President Donald Trump's enthusiasm for his 19th century predecessor Andrew Jackson is stoking fears he may cancel plans to replace that controversial president on the $20 bill with abolitionist Harriet Tubman.

The Treasury Department announced a year ago that by 2020 it would remove slave-owner Jackson's likeness in favor of an image of Tubman, an African-American who escaped from slavery and helped others to freedom on the Underground Railroad.

Tubman, who also fought for women to be granted the right to vote, would be the first African-American as well as the first woman to appear on a U.S. banknote.

With nine billion in circulation, the $20 bill is among the most widely used denomination along with $1 bills, which number 11.7 billion.

During the administration of president Barack Obama, the Treasury conducted a survey on who should be the first woman to appear on the currency, and selected Tubman.

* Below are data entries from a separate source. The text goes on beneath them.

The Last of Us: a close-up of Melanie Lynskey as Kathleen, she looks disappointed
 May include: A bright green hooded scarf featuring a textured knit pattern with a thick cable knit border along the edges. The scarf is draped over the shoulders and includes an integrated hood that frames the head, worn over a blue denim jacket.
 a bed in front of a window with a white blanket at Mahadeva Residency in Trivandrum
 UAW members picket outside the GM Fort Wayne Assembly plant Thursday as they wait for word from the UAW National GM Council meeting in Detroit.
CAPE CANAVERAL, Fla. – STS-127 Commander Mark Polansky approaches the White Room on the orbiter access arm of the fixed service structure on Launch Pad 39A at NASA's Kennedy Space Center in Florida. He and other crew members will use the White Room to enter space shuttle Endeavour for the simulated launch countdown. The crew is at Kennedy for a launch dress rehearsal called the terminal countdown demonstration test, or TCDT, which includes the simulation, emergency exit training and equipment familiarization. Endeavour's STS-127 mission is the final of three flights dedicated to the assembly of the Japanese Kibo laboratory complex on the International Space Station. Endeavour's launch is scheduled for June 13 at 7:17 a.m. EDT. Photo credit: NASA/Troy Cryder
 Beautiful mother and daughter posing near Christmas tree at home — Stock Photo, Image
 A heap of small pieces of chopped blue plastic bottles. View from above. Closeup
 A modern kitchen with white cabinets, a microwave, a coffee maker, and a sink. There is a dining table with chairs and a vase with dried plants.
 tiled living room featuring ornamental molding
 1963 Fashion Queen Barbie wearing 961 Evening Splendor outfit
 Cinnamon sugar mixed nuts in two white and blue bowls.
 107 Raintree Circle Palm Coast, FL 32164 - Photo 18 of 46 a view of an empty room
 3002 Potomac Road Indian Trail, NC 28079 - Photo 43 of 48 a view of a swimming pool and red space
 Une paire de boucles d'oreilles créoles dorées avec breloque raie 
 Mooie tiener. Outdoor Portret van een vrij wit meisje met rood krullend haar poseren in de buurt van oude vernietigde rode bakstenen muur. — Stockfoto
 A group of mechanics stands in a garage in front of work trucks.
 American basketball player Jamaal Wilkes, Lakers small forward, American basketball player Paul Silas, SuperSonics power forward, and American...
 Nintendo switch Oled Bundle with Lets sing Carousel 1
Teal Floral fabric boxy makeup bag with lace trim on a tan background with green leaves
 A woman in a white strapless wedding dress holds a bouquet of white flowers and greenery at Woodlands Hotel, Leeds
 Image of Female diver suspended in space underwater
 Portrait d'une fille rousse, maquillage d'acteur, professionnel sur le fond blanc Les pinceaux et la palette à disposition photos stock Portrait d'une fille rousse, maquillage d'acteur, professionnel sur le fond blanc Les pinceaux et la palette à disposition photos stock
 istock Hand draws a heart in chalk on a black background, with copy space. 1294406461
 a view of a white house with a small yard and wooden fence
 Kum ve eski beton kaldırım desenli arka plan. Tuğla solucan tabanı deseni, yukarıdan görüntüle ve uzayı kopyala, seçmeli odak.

Another survey by "Women on 20s," a group calling for a woman to appear on the $20 banknote, collected more than a half-million responses in an online poll in which Tubman was first out of four finalists, including civil rights icon Rosa Parks and stateswoman and first lady Eleanor Roosevelt.

But since Trump's election, Andrew Jackson's stock has risen strikingly in the White House, a development that worries Tubman supporters.

- Displayed in the Oval Office -

"We are keeping a very close eye as to any further signal and any delay or change in the progress towards having design and production ready for Harriet Tubman on the $20 bill by 2020," Women on 20s Founder Barbara Ortiz told AFP.

Trump "seems to be using every opportunity to extol the virtues of Jackson," she said, recalling was Jackson's a slave owner and his role in the "Trail of Tears."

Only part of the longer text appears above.